◆ Assigned task:
When you reproduce the entries below, keep each one exact and drop any pictures.
(Beginning of Extracted information)
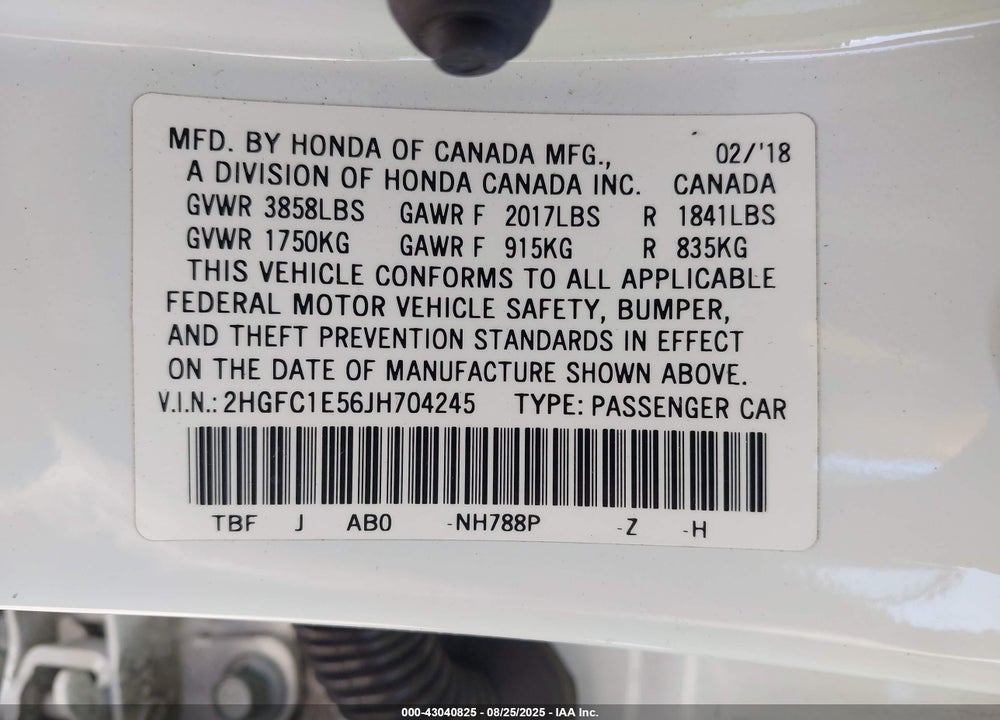 2018 HONDA CIVIC VIN: 2HGFC1E56JH704245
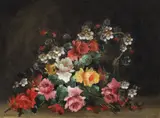 Franz Stoitzner, Trandafiri și flori de măceș, ulei pe pânză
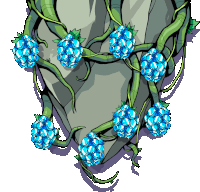 a cartoon drawing of a plant with blue berries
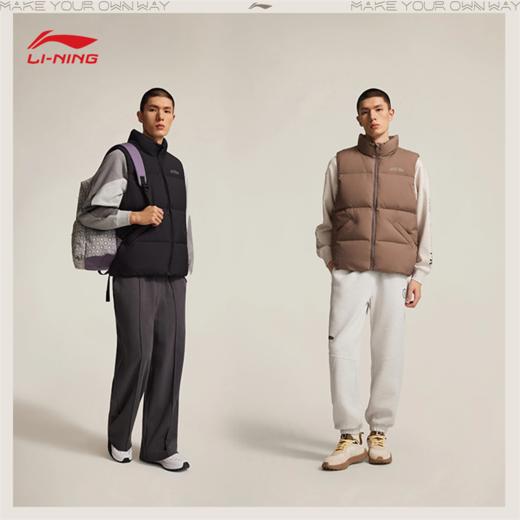李宁韦德系列男子防泼水鹅绒羽绒马甲AMRV079 商品图2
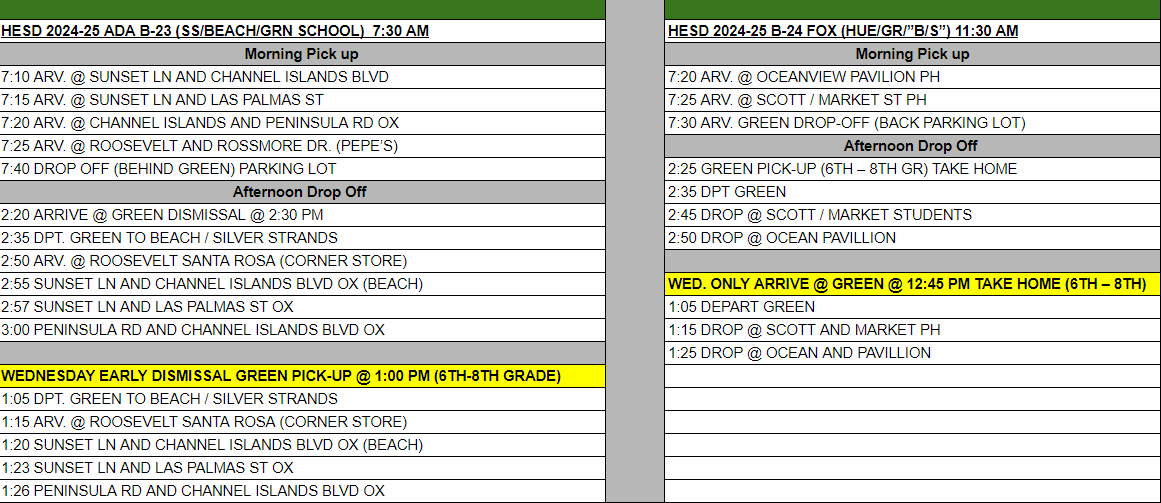 Bus schedule. 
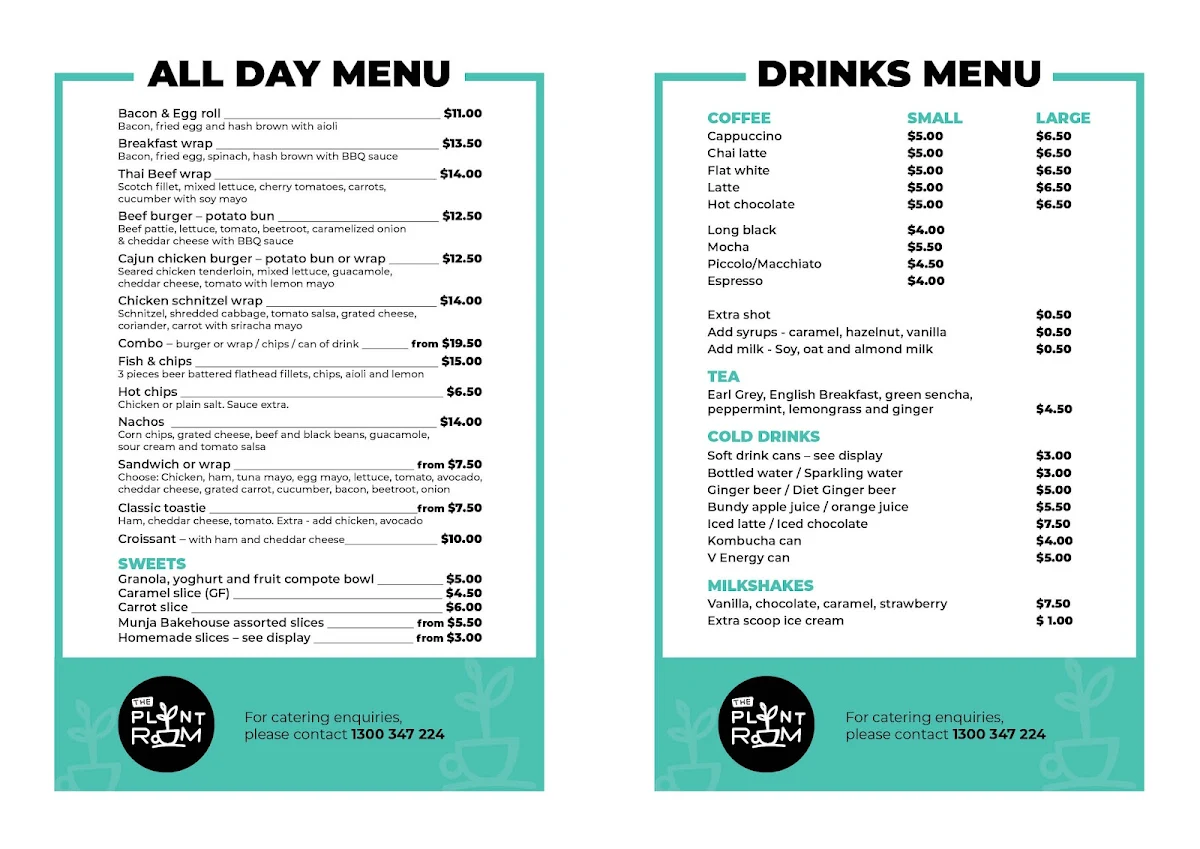 Menu, Plant Room Cafe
(End of Extracted information)
◆ Response to this exercise:
 2018 HONDA CIVIC VIN: 2HGFC1E56JH704245
 Franz Stoitzner, Trandafiri și flori de măceș, ulei pe pânză
 a cartoon drawing of a plant with blue berries
李宁韦德系列男子防泼水鹅绒羽绒马甲AMRV079 商品图2
 Bus schedule. 
 Menu, Plant Room Cafe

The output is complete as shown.